Fig. 1 — Enrichment of β-CD-chol in WT FB. Cells were analyzed in basal conditions and after 3 h of incubation with 0.2, 0.6, and 1.0 mg/mL of β-CD-chol. Cells were then probed with the fluorescent dye Filipin III and imaged with wide-field epifluorescence microscopy (a,b). Filipin III fluorescence intensity significantly increases with the increase of β-CD-chol concentration up to 0.6 mg/mL, reaching a fluorescence signal plateau between 0.6 and 1.0 mg/mL. > 30 cells were analyzed for each condition (b). Error bar S.D. Student’s t-test *** p ≤ 0.001. Pre-processing and analysis of Raman spectra. Each raw spectrum (c) was restricted to the range between 2800 cm^− 1 and 3026 cm^− 1 and smoothed via Savitzky-Golay filtering, with its lowest intensity value subtracted from the whole spectrum (d). The highlighted Raman bands were assigned according to the data reported in¹⁷ (see also Supplementary Table T1). Finally, the overall intensities of two Raman bands centered at 2850 cm^− 1 and 2898 cm^− 1 were computed (e), with their ratio being used as a score for estimating lipid concentration in cells. Raman-SERS analysis of WT FB cells enriched with β-CD-chol in the range 0 − 1 mg/mL. Mean RS (f), SERS (g) and both RS and SERS (h) spectra ± standard errors (SEs) of enriched cells; ratiometric scores measured from RS (i), SERS (j) and both RS and SERS (k) spectra of enriched cells, expressed as percentage variation from the mean control (i.e. 0 mg/mL added, without NPs) value.

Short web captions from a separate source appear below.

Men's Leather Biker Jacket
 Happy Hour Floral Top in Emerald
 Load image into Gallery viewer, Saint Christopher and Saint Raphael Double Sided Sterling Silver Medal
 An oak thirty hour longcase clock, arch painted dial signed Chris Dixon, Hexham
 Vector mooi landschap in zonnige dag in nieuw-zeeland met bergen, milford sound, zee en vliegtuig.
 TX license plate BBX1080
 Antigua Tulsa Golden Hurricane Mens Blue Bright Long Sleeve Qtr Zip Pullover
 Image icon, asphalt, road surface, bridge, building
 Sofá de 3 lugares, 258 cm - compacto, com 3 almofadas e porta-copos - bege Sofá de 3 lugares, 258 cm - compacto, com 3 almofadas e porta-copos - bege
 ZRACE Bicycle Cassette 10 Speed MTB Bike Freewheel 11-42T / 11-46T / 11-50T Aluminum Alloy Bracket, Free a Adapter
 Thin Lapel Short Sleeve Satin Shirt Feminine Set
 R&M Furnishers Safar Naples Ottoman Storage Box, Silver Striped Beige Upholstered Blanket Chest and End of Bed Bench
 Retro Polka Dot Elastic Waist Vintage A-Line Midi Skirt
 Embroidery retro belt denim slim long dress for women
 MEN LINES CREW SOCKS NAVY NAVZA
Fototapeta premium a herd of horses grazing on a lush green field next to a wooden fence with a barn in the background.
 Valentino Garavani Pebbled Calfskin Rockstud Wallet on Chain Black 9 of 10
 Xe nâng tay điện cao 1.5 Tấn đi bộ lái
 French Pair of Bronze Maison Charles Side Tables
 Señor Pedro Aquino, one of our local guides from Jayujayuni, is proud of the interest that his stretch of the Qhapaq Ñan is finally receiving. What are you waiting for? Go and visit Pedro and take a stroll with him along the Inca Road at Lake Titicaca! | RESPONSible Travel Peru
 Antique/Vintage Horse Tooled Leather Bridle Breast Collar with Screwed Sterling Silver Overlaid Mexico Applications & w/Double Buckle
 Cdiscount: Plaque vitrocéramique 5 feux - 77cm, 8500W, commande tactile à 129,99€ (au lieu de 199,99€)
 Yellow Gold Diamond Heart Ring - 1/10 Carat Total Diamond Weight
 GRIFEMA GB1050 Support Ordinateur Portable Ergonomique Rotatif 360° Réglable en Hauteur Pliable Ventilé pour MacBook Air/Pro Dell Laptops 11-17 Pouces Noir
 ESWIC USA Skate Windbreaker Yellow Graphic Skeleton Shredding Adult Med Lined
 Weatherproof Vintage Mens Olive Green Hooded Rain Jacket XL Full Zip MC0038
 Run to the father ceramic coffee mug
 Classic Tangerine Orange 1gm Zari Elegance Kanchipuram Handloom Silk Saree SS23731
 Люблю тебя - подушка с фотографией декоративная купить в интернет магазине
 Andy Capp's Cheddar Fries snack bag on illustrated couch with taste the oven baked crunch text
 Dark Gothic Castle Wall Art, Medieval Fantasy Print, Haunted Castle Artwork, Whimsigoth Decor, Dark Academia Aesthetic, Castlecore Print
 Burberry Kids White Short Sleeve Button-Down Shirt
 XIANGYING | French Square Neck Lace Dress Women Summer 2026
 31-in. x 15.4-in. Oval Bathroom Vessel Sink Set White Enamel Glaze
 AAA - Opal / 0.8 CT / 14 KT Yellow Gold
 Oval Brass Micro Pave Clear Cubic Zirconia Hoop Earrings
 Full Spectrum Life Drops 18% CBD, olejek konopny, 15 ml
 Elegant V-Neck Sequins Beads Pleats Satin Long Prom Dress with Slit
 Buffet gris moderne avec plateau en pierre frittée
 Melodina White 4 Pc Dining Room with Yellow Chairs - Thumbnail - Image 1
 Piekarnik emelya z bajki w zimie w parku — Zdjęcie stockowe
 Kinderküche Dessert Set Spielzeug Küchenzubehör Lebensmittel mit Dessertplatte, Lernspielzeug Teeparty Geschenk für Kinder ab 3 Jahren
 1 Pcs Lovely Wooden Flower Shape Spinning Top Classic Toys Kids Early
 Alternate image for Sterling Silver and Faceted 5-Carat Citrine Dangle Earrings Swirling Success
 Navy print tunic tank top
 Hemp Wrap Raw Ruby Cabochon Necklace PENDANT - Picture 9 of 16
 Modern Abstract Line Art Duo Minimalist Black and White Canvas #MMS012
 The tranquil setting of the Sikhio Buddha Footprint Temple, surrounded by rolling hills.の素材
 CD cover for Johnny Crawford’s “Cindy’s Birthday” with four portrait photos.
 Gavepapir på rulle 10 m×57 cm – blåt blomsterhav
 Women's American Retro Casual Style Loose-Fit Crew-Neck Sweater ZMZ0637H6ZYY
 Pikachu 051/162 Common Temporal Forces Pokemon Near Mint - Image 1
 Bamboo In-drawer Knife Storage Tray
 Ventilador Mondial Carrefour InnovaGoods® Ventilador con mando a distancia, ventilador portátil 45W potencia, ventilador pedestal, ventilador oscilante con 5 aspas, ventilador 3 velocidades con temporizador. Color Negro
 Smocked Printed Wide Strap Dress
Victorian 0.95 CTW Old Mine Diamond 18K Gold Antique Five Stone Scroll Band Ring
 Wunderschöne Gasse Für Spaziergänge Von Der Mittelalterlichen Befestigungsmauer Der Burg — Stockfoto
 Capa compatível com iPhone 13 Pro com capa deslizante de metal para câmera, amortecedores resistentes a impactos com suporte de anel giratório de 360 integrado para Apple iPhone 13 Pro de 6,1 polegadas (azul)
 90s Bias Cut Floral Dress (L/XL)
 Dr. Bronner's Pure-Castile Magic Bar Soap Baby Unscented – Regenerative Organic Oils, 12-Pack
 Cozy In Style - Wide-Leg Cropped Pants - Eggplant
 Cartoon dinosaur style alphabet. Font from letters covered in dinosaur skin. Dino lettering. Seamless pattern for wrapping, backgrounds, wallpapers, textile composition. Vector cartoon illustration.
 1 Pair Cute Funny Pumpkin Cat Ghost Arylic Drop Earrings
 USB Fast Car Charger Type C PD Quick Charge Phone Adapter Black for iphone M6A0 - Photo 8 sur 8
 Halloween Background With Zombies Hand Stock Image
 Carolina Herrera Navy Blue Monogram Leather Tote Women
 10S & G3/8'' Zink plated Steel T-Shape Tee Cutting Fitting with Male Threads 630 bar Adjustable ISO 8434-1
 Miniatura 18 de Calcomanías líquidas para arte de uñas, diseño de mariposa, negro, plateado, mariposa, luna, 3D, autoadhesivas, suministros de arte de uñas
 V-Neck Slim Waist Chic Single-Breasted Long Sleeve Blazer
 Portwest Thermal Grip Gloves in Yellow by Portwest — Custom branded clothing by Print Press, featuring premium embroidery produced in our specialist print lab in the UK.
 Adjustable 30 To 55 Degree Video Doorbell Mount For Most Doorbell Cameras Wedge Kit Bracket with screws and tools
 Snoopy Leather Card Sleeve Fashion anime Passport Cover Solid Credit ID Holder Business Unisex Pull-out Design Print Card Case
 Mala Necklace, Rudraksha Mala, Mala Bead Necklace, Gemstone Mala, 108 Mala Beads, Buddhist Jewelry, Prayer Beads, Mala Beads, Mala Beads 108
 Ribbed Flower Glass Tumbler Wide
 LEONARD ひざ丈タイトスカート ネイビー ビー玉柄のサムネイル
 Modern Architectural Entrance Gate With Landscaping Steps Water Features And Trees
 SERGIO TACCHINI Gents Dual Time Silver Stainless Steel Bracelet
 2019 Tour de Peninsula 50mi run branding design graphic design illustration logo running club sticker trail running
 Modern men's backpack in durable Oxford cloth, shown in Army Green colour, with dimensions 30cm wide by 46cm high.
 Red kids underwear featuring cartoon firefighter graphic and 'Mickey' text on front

RS and SERS evaluation of altered cholesterol content in fibroblasts from NPC patients

Once we had demonstrated the ability of RS and SERS to discriminate between different levels of cholesterol, a second experiment was carried out applying similar RS and SERS analysis on FB isolated from NPC patients (NPCp1 and NPCp2). Initially, we measured cholesterol accumulation in NPC and WT cells using the filipin III labeling protocol: as expected, the analysis of wide-field microscope images revealed a significant increase (~ 3-fold) in the cholesterol levels in both NPCp1 and NPCp2 samples compared to the WT (Fig. 2a, b). Then, RS and SERS spectra were acquired following the same conditions optimized for the cholesterol enrichment experiment. As shown in Fig. 2c, slight alterations of the RS intensity between the normal (WT) and pathological conditions (NPCp1 and NPCp2) can be observed in correspondence to the cholesterol bands. Such a finding suggests the effectiveness of RS and ratiometric scoring to significantly discriminate between the presence of normal and abnormal levels of cholesterol, with an average ~ 20% increase observed in patients’ scores (WT-NPCp1: p < 0.0001; WT-NPCp2: p < 0.00001; Fig. 2e). However, the RS mean spectra of the two patients (red line and blue line in Fig. 2c) almost overlap, precluding any differentiation between them (p > 0.05; Fig. 2e).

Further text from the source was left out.